La stringa era stata tirata ancora una volta, tremando per la forza con cui veniva strattonata e allungata.

Simboleggiava il legame che si stava creando e, a quanto pareva, era davvero fragile. Ma c'era.

L'ex gatto aveva sorriso, soddisfatto.
La maggior parte del lavoro, adesso, spettava alla coppia. Lui aveva fatto soltanto da tramite, ora erano loro due a dover usare la loro mente, riportando a galla ricordi e sensazioni.

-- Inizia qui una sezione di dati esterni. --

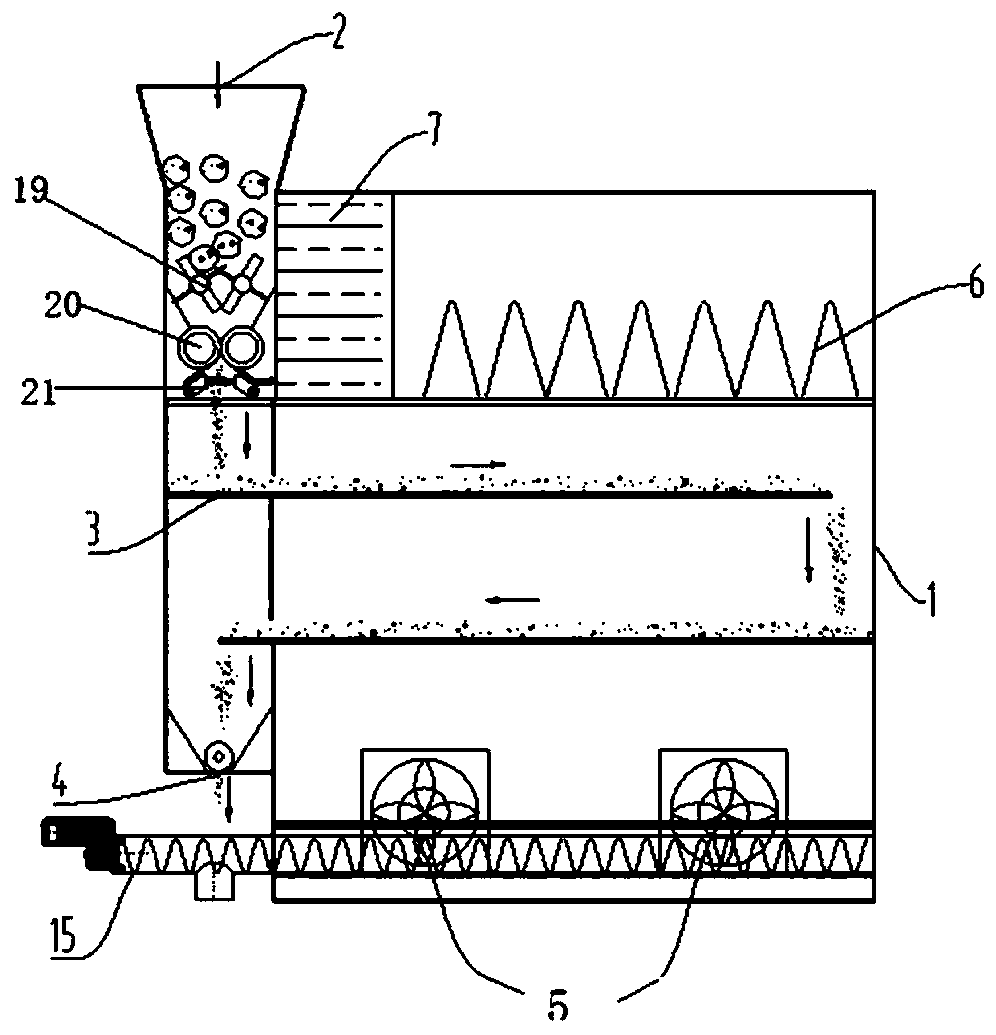 Sludge low-temperature drying mechanism for sludge treatment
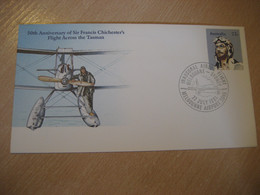 MELBOURNE SYDNEY 1981 Inaugural Airbus Flight AIRPORT Cancel Cover AUSTRALIA - Eerste Vluchten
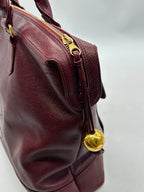 Chanel Vintage CC Pocket Tote Caviar Bordeaux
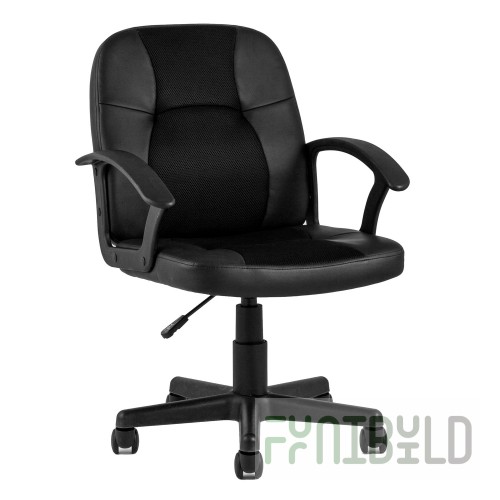 Office chair TopChairs Comfort eco-leather black
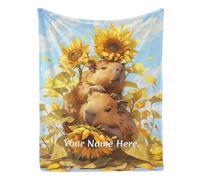 Capybara Blanket Personalized Capybara Blanket with Name for Home Decor for All Seasons 40 x 50 Inch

Styrkur era tornato indietro, dopo la fuga da Città dei Santi, a quando aveva visto la ragazza per la prima volta.

La prima cosa che era venuta a galla erano stati gli odori: l'acqua e l'aroma degli alberi, poi la forma delle foglie e il rumore di quando, camminandovici sopra, erano state spezzate e piegate.

Il viso di lei era così chiaro, nei suoi ricordi, da far male. Non aveva mai creduto nel destino, eppure si erano rincontrati dopo la perdita delle loro memorie.

Magari qualcuno aveva davvero giocato con loro, unendoli indissolubilmente. Non che gli dispiacesse, comunque sia.

Portava i capelli più corti rispetto a ora e il suo viso, aveva ricordato lui con leggero piacere, non era ancora stato deformato dalla noia di vivere.

I suoi occhi scintillavano, inglobando ogni particolare possibile. Styrkur si muoveva nei suoi ricordi e, senza esser visto, le si era accovacciato vicino.

Fissava la Serpe di qualche anno prima con le palpebre talmente tirate da far ridere. Era davvero così sorpresa di vederlo? Beh, dopotutto si era presentato con i vestiti e il viso sporchi di sangue.

Il ricordo era talmente vivido da permettergli di sentire il sapore di Tommaso contro il palato e le sue urla, oh le sue urla gli erano rimaste bloccate nelle orecchie.